##### Knut Dundas Morå, knut.mora@uzh.ch, 241120

### Using code from "Harmonizing discovery thresholds and reporting two-sided confidence intervals: a modified Feldman & Cousins method"
[Paper on arxiv.org](https://arxiv.org/pdf/1809.02024)

In [None]:
import scipy.stats
import matplotlib.pyplot as plt
import numpy as np
import scipy.stats as sps
import scipy.optimize as spo

try:
    from tqdm import tqdm
except:
    tqdm = lambda x:x

# Searching for a line signature-- profiling and likelihood ratios
- profiling, 
- discovery significance,
- nonasymptotic distributions

#### Some useful functions to save us time: 

These functions define the PDFs we will use to define our measurement. 

Our model consists of two components: 

 - A power-law background $\propto E^{-\gamma}$, where $\mu_\text{bkg}$ events are expected
 - A Gaussian signal $\propto e^{-(E-m)^2 / (2\cdot \sigma^2)}$, where $\mu_\text{sig}$ events are expected
 - where the normalisations are chosen so that the PDFs are defined between the lower and upper energy range $E_0$ and $E_1$ 



Illustration of a power-law with some gaussian signal examples on top of a 
 





#### Some useful functions to save us time: 

These functions define the PDFs we will use to define our measurement. 

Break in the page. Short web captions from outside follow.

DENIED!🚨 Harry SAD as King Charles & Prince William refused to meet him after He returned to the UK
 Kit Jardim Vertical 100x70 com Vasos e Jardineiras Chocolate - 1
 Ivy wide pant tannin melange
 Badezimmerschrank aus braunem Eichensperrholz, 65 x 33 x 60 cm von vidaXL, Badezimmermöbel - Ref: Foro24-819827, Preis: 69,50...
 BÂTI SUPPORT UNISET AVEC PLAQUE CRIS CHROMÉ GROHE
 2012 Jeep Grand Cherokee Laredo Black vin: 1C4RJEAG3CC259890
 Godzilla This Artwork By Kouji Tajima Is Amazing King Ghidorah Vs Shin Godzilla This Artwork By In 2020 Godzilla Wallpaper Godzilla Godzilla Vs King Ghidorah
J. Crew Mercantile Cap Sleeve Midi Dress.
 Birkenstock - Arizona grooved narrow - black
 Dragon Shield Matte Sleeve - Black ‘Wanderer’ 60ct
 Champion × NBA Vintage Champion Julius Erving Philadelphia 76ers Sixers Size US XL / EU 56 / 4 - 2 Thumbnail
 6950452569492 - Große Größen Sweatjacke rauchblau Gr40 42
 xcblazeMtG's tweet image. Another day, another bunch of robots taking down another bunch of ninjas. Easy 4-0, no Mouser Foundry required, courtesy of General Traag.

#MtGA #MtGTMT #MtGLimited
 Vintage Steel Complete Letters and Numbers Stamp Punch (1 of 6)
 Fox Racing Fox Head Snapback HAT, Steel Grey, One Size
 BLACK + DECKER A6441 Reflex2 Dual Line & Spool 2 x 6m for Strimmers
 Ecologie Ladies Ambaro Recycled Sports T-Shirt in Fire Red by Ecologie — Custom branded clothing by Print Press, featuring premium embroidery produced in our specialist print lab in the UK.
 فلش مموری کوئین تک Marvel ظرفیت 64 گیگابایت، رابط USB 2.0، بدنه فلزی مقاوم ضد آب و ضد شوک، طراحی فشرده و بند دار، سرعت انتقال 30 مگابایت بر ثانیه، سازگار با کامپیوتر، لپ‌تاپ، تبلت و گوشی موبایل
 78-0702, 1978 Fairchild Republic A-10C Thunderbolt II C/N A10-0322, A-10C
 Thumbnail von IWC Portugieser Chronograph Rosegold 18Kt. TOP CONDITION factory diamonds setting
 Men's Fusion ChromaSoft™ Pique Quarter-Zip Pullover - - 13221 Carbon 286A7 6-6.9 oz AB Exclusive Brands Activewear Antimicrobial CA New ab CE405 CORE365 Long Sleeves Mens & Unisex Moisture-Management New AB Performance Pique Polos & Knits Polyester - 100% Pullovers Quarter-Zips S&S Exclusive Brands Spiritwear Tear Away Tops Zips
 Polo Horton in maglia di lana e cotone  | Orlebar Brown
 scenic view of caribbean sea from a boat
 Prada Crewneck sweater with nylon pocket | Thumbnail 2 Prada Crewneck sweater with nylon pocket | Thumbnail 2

Our model consists of two components: 

 - A power-law background $\propto E^{-\gamma}$, where $\mu_\text{bkg}$ events are expected
 - A Gaussian signal $\propto e^{-(E-m)^2 / (2\cdot \sigma^2)}$, where $\mu_\text{sig}$ events are expected
 - where the normalisations are chosen so that the PDFs are defined between the lower and upper energy range $E_0$ and $E_1$


Parameters of the model are:
  - $E_0, E_1$, `E0, E1`-- the lower and upper limit of the energy range considered 
  - $\mu_\text{bkg}$, `mu_bkg` -- the number of expected background events
  - $\gamma$, `gamma` -- the power-law index of the background distribution, we'll set this to -2 
  - $\mu_\text{sig}$, `mu_sig`-- the expected number of signal events
  - $m$, `m`-- the energy at which the line signal is expected
  - $\sigma$, `sigma`-- the width of the line signal-- unless specified, we'll set this to $0.1\cdot m$
 
In the following, I'll provide some functions and some function skeletons to get you started-- please make sure to check if one can be used before making your own! 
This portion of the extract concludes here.